Identify proper index for group and order by date and hour (2 columns)
-
25-01-2021 - |
Question
PostgreSQL 10.4
I have a table that has already an index on date
column. Current query plan is doing a Bitmap Heap Scan using the existing date index. I would like to add a new index for this query, no parameters are injected to the query, I started with a partial index to the status
column, but I don't know how to handle group and sort by part.
select date, hour, sum(installs) as installs, sum(clicks) as clicks
from ho_aggregated_stats
where date > (current_date - interval '2 day')
and (status='approved' or status is null)
group by date, hour
order by date, hour;
explain https://explain.depesz.com/s/rnCW
QUERY PLAN
--------------------------------------------------------------------------------------------------------------------------------------------------------------------------------------
Finalize GroupAggregate (cost=992433.95..992442.13 rows=1488 width=24) (actual time=3903.296..3903.337 rows=43 loops=1)
Group Key: date, hour
Buffers: shared hit=85314 read=11496
I/O Timings: read=2896.216
-> Sort (cost=992433.95..992434.69 rows=1488 width=24) (actual time=3903.290..3903.298 rows=86 loops=1)
Sort Key: date, hour
Sort Method: quicksort Memory: 31kB
Buffers: shared hit=85314 read=11496
I/O Timings: read=2896.216
-> Gather (cost=992265.00..992418.27 rows=1488 width=24) (actual time=3903.167..3903.233 rows=86 loops=1)
Workers Planned: 1
Workers Launched: 1
Buffers: shared hit=85314 read=11496
I/O Timings: read=2896.216
-> Partial HashAggregate (cost=991265.00..991269.47 rows=1488 width=24) (actual time=3899.779..3899.808 rows=43 loops=2)
Group Key: date, hour
Buffers: shared hit=149987 read=16557
I/O Timings: read=4694.060
-> Parallel Bitmap Heap Scan on ho_aggregated_stats (cost=21995.80..990158.35 rows=553327 width=16) (actual time=1232.325..3623.710 rows=592709 loops=2)
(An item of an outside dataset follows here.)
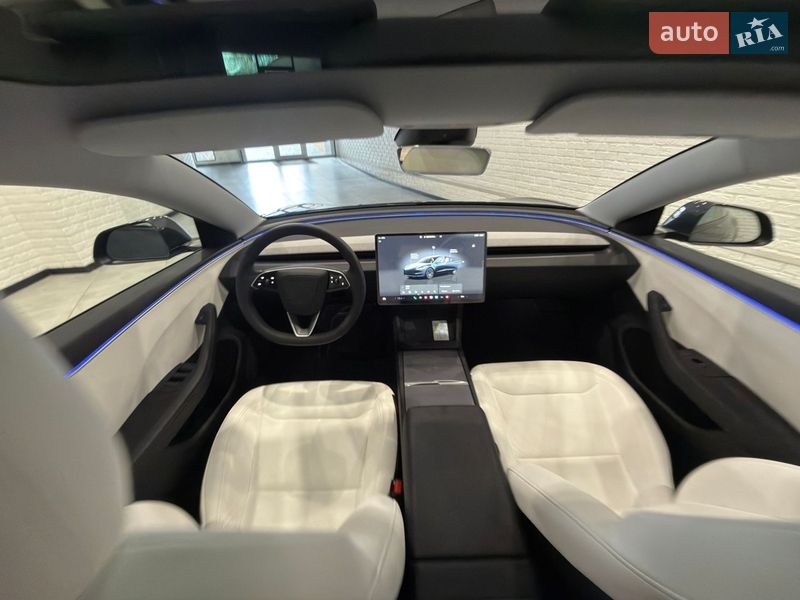 Седан Tesla Model 3 2025 в Одессе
Recheck Cond: (date > (CURRENT_DATE - '2 days'::interval))
Filter: (((status)::text = 'approved'::text) OR (status IS NULL))
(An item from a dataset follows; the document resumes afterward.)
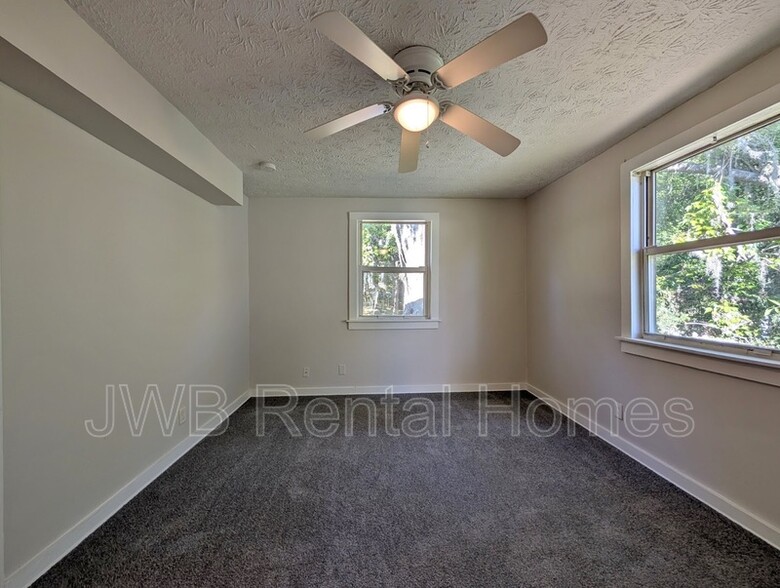 Building Photo - 764 Mamie Rd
Rows Removed by Filter: 3946
Heap Blocks: exact=91807
Buffers: shared hit=149987 read=16557
I/O Timings: read=4694.060
-> Bitmap Index Scan on index_ho_aggregated_stats_on_date (cost=0.00..21948.76 rows=1160433 width=0) (actual time=1194.685..1194.685 rows=1339010 loops=1)
Index Cond: (date > (CURRENT_DATE - '2 days'::interval))
Buffers: shared read=5003
I/O Timings: read=1082.452
Planning time: 0.611 ms
Execution time: 3948.178 ms
table schema
CREATE TABLE public.stats (
id bigserial NOT NULL,
"date" date NOT NULL,
"hour" int4 NOT NULL,
status varchar NULL,
installs int4 NULL DEFAULT 0,
clicks int4 NULL DEFAULT 0,
CONSTRAINT stats_pkey PRIMARY KEY (id)
)
CREATE INDEX index_stats_on_date ON public.stats USING btree (date);
Estimate row count: ~40M
Update: I checked the distribution on the status column and 75% is null, 20% approved, 5% rejected, thinking the index on status is not necessary.
Solution
You provided crucial information in a later comment:
It is a very simple process that will alert when there was no data for one hour of the day or that the clicks or installs were 0
This allows for radically different, probably much faster queries:
SELECT ts AS no_installs
FROM generate_series(date_trunc('day', localtimestamp - interval '2 day')
, localtimestamp
, interval '1 hour') ts
WHERE NOT EXISTS (
SELECT
FROM stats
WHERE date = ts::date
AND hours = extract(hour FROM ts)::int -- 0 to 23
AND (status = 'approved' or status is null)
AND installs > 0
);
And:
SELECT ts AS no_clicks
FROM ... -- like above
...
AND clicks > 0
);
As opposed to your original, this will also detect hours where there are no rows at all, which should be the most worrying case to begin with (I guess).
About generate_series()
:
Aside: there is a corner-case bug lurking in your query: the current date depends on the time zone setting of your current session. So the query might give different (possibly misleading) results depending on where you run it. It's generally best to operate with timestamptz
to avoid any such complications. You might replace (date, hour)
with a single timestamptz
column. Same size. It's cheap to derive date / hour etc. from it.
Index
This should be massively faster even with a plain index on (date, hour)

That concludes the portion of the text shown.